Suriye’deki PYD, YPG gibi oluşumlar Türkiye tarafından PKK ile özdeşleştiriliyor. Evet, PKK, YPG’yi eğitip yönlendiriyor, ancak şunu belirtmek isterim: Suriye’deki Kürtler, Amerika’nın ve PKK’nın etkisi altına itildi. Türkiye’nin yanlış politikaları, bu durumu pekiştirdi. Özal döneminde Barzani ve Talabani’ye verilen destek, eğer o dönemde Suriye Kürtlerine de verilmiş olsaydı, onları Türkiye’nin dostu ve müttefiki yapabilirdik. O zaman, Türkiye’deki Kürtlerin de gönlünü kazanabilirdik. Ancak şu anda sürdürülen yanlış politikalar yüzünden, PYD’nin yüzde 40 oranında bir etki alanına sahip olması mümkün olmuşsa da, bu durum gerçekçi değil.
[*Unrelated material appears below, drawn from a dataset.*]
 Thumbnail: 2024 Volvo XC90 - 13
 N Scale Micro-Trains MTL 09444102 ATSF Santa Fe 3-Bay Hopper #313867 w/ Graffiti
Türkiye, Suriye’deki bu sorunu çözmek için bir abi rolü üstlenebilir. Ancak bu, hem dostluğu ilan ederek hem de düşmanlıklar besleyerek olmaz. Türkiye, Suriye ile olan tarihi bağları, coğrafi yakınlıkları ve güçlü uluslararası pozisyonu ile bu sürece liderlik edebilir. Ancak, bu yapıcı bir pozisyonda olmalı, düşmanlıklar yaratılmamalı.
Suriye’deki Kürtleri sadece PYD veya YPG eksenine oturtarak, onları topluca düşmanlaştırmak yanlış olur. Suriye’deki 15 Kürt partisinden sadece biri PYD’dir. Türkiye’de de Kürt halkını tümüyle PKK ile özdeşleştirmek yanlışsa, aynı şekilde Suriye’deki Kürtler de PYD veya PKK ile bir tutulmamalıdır.
Ayrıca, sıkça gündeme gelen bir diğer konu da Demokrat Parti ve Abdullah Öcalan’la ilgili yapılan benzetmelerdir. MHP Türkçülük üzerinden siyaset yapıyor, ancak ona “Türk Partisi” denilmiyor. Aynı şekilde, Demokrat Parti de Kürt etnisitesine dayalı bir siyaset izliyor, ama ona da “Kürt Partisi” denilmesi doğru değildir. Türkiye’deki 20 milyon Kürt’ün 12 milyonu Demokrat Parti’ye oy vermiyor. Bu durumu göz önünde bulundurarak, tüm Suriye Kürtlerini bir grup veya bir partiyle özdeşleştirmek, düşman üretmekten başka bir şey yapmaz. Bu yanlıştan kaçınılmalıdır.”